[Exercise brief]
What you return must match the entries word for word, minus the pictures.

[Data for this exercise]
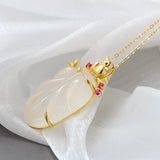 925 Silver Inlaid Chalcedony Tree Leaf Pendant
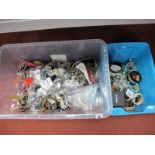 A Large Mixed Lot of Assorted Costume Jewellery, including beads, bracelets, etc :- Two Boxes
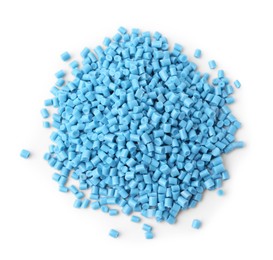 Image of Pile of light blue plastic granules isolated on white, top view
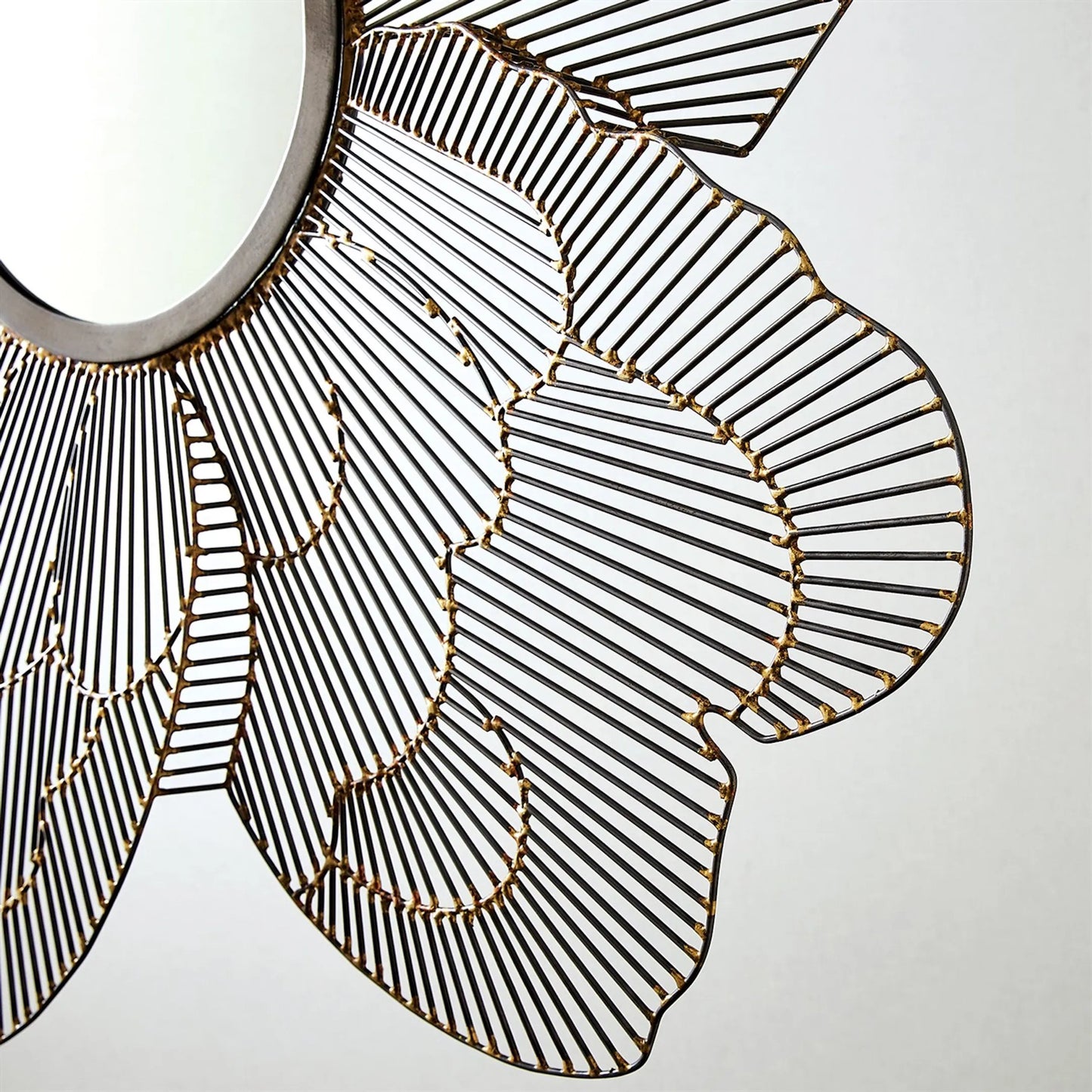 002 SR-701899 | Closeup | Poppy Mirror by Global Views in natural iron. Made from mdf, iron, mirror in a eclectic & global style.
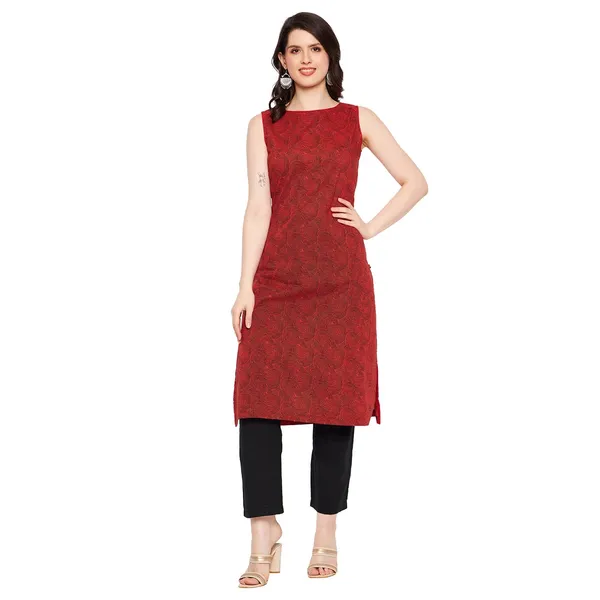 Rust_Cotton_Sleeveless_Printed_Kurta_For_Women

[The answer]
 925 Silver Inlaid Chalcedony Tree Leaf Pendant
 A Large Mixed Lot of Assorted Costume Jewellery, including beads, bracelets, etc :- Two Boxes
 Image of Pile of light blue plastic granules isolated on white, top view
 002 SR-701899 | Closeup | Poppy Mirror by Global Views in natural iron. Made from mdf, iron, mirror in a eclectic & global style.
 Rust_Cotton_Sleeveless_Printed_Kurta_For_Women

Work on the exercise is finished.